Extracted data entries:
---

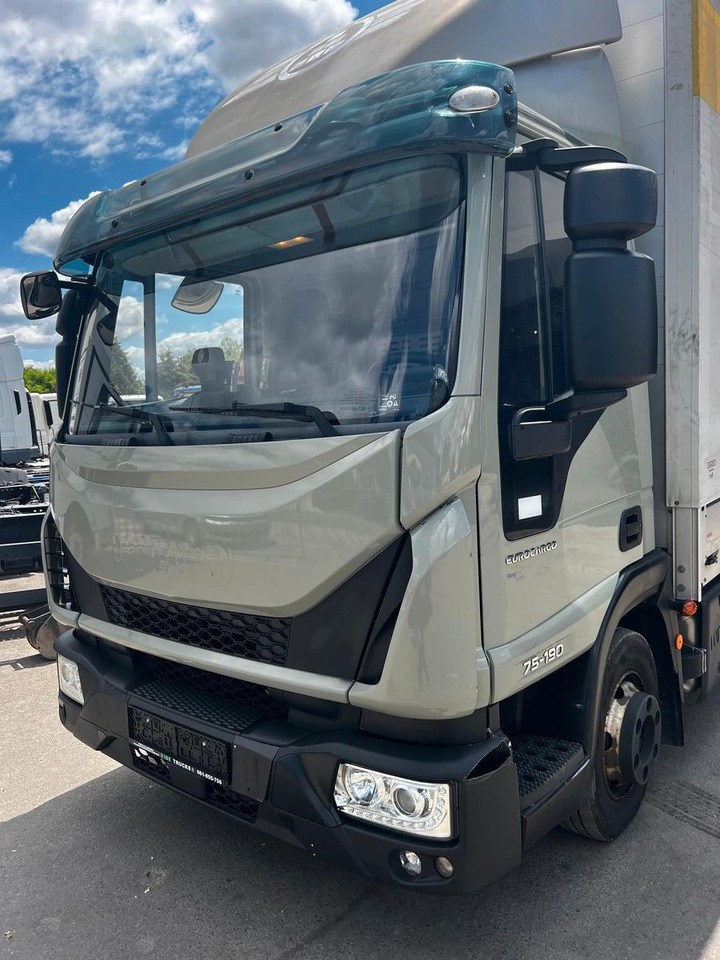 Iveco 75E19 Eurocargo, E6, Ladebordwand - Véhicule utilitaire plateau baché: photos 2 Iveco 75E19 Eurocargo, E6, Ladebordwand - Véhicule utilitaire plateau baché: photos 2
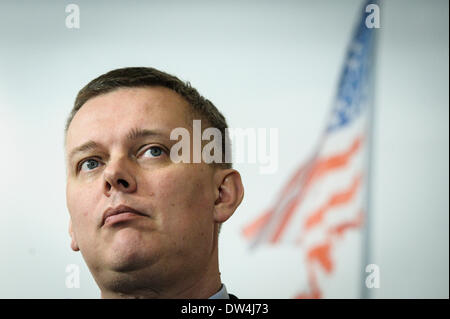 Brüssel, Bxl, Belgien. 27. Februar 2014. Polnische Verteidigungsminister Tomasz Siemoniak hält Pressekonferenz am Ende des North Atlantic Vertrag Organisation NATO-Verteidigungsminister in der Sitzung über die neuesten Entwicklungen in der Ukraine, im Hauptquartier des Bündnisses in Brüssel, Belgien am 27.02.2014 von Wiktor Dabkowski Credit: Wiktor Dabkowski/ZUMAPRESS.com/Alamy Live News Stockfoto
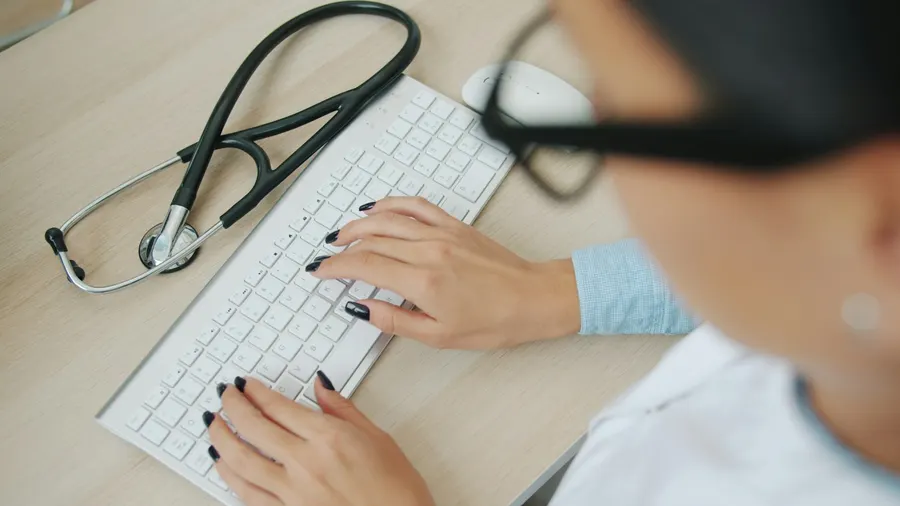 Médecin à son bureau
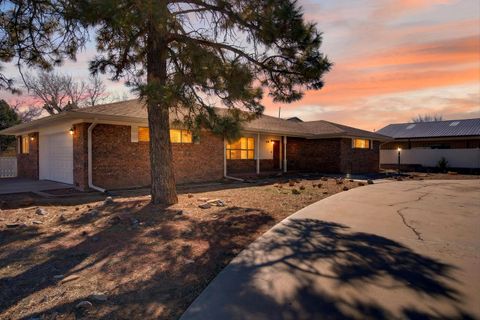 Photo of 108 N Columbia Avenue, Moriarty, NM 87035 (MLS # 1098007)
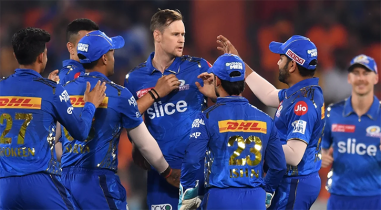 হায়দরাবাদকে হারিয়ে মুম্বাইয়ের টানা তৃতীয় জয়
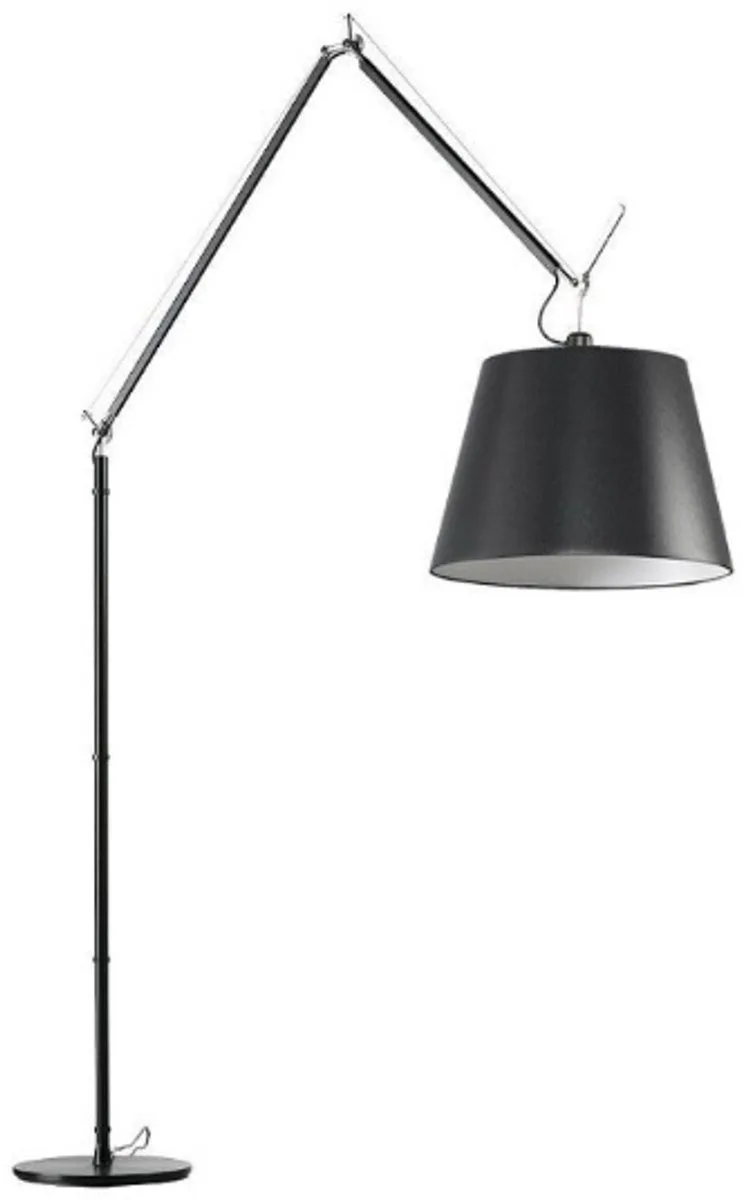 Tolomeo Mega vloerlamp schakelaar zwart/Ø 42 cm satijn by Artemide in Zwart – product photo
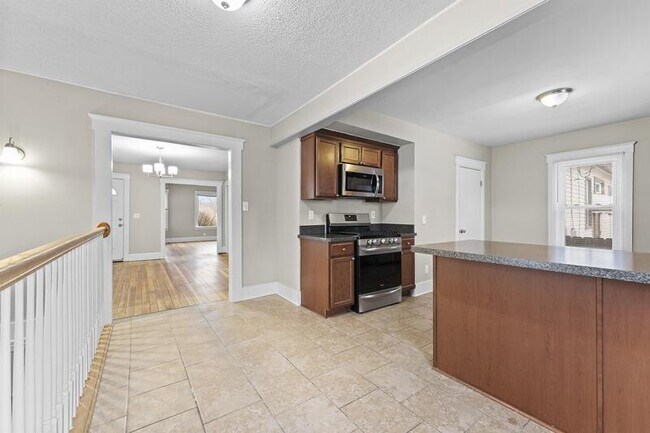 Foto del edificio - 2508 W Jefferson Ave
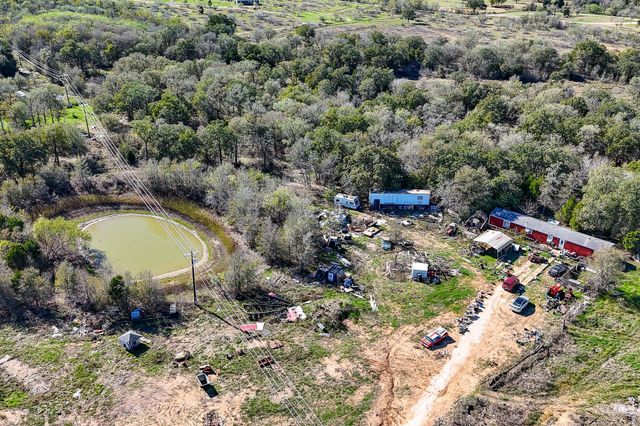 166 Norwood LN, Elgin, TX 78621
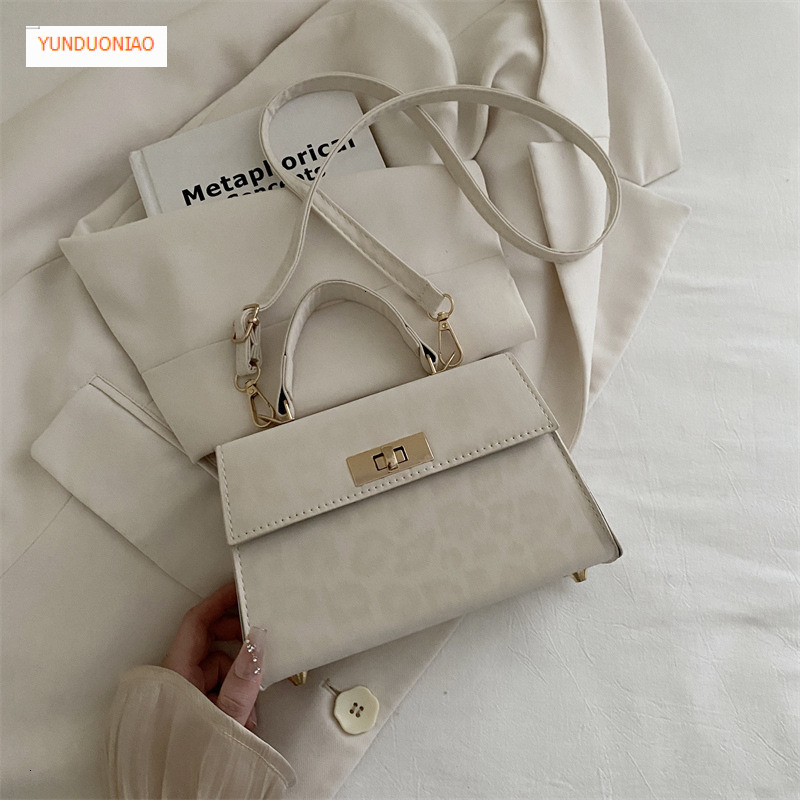 Women's shoulder bag new fashion retro style women's crossbody bag autumn and winter new designer bag matte luxury handbag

---

#### DESCRIPTION OF THE TASK
Only the lines from the one containing "হায়দরাবাদকে হারিয়ে মুম্বাইয়ের টানা তৃতীয় জয়" through the last line of the records above should be repeated, exactly and without pictures.

#### RESULT FOR THIS TASK
 হায়দরাবাদকে হারিয়ে মুম্বাইয়ের টানা তৃতীয় জয়
 Tolomeo Mega vloerlamp schakelaar zwart/Ø 42 cm satijn by Artemide in Zwart – product photo
 Foto del edificio - 2508 W Jefferson Ave
 166 Norwood LN, Elgin, TX 78621
 Women's shoulder bag new fashion retro style women's crossbody bag autumn and winter new designer bag matte luxury handbag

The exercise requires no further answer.